The FTSE 250 could be 14% if you pick the right days in June 2016 and April 2024. But it could also be over 33%. Again, that's before dividends.

It is also possible to pick pairs of days within the time periods between which each index doubled.

It is easy to pick the winners and losers when in possession of the data and able to choose arbitrary date ranges.

Very few small investors buy all their shares at once. They buy small amounts regularly.

I'm not saying one market is better than any other. But be wary of anybody claiming market wisdom based on arbitrary historical analysis, particularly when the analysis: (a) appears to be numerically incorrect and (b) doesn't reflect how people really invest.

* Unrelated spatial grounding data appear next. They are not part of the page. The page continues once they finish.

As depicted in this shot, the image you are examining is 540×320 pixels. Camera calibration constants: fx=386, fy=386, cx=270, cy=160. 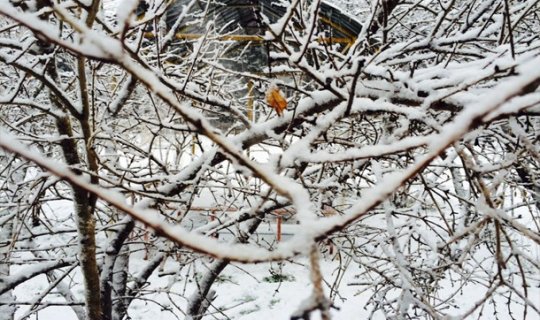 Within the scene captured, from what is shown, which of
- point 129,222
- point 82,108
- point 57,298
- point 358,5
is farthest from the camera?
point 358,5

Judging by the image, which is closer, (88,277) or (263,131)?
(263,131)

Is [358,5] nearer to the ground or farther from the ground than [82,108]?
farther from the ground

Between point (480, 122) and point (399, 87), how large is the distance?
1.40 meters

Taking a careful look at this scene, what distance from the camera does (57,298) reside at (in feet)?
28.3

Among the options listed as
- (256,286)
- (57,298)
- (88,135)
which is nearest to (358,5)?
(256,286)

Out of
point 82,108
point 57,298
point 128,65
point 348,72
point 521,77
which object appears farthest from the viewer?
point 57,298

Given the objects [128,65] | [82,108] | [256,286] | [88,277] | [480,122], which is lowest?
[480,122]

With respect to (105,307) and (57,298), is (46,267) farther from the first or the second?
(57,298)

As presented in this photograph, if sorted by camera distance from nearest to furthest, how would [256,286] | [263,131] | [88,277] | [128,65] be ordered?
[128,65], [263,131], [88,277], [256,286]

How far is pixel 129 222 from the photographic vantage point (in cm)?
284

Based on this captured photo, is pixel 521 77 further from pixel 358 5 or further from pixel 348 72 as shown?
pixel 358 5

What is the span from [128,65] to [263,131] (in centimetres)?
155

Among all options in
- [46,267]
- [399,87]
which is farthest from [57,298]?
[399,87]

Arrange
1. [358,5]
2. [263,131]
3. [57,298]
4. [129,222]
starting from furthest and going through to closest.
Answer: [358,5]
[57,298]
[129,222]
[263,131] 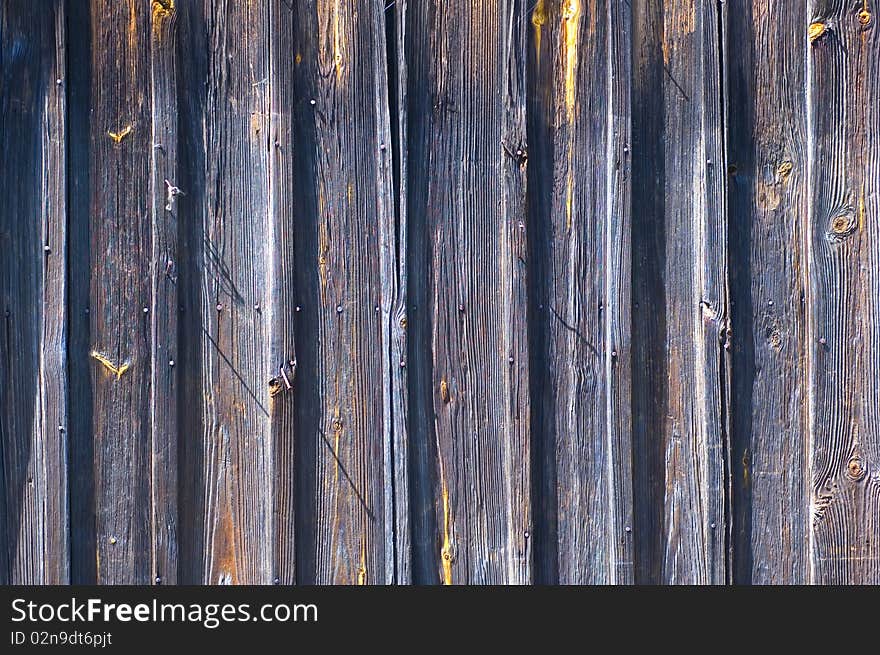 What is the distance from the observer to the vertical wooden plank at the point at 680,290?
1.75 meters

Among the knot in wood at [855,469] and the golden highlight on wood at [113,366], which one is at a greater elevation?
the golden highlight on wood at [113,366]

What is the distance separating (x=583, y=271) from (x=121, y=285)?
107 cm

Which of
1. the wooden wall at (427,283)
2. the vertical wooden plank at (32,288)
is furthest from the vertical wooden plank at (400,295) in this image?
the vertical wooden plank at (32,288)

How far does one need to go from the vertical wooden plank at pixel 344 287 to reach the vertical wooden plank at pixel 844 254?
0.99 meters

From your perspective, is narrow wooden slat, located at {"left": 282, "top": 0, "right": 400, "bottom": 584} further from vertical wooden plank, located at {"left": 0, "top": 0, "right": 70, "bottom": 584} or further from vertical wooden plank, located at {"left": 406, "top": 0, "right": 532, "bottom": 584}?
vertical wooden plank, located at {"left": 0, "top": 0, "right": 70, "bottom": 584}

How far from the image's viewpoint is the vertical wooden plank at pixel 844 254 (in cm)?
175

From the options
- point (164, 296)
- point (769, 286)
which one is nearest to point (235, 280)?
point (164, 296)

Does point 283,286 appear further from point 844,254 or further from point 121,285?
point 844,254

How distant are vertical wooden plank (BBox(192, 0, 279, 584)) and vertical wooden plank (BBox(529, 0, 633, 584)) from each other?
0.63 meters

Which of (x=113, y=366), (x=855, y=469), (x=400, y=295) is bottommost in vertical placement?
(x=855, y=469)

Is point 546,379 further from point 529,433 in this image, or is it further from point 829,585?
point 829,585

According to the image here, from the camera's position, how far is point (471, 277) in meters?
1.74

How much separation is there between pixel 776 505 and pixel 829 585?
22cm

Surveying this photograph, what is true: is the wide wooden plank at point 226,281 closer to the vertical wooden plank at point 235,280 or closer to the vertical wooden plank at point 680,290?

Data from uk.investing.com
 
From a report this April:-
“If you had invested £100 in the FTSE100 in June 2016, your investment would now be worth £118. If you had invested the same sum in the CAC40, it would be worth £198; in the Nikkei 225, it would be worth £235 and in the S&P500 index in America it would have grown to a whopping £250. Even £100 invested in Italy’s FTSE MIB would be worth £189. For those tempted to argue that the FTSE100 is too dominated by foreign firms to be an accurate barometer of sentiment towards Britain, a £100 investment in June 2016 in the FTSE250 index of medium sized companies would today be worth a paltry £114.”
It seems Brexit crashing the pound wasn't so good after all.
 
I remember being in despair the day after the EU referendum vote and when there was the big COVID crash in Feb 2020 but in each case the value had recovered in a few months and on a long term chart are mere blips.
i think will remain true until eventually capitalism comes to an end.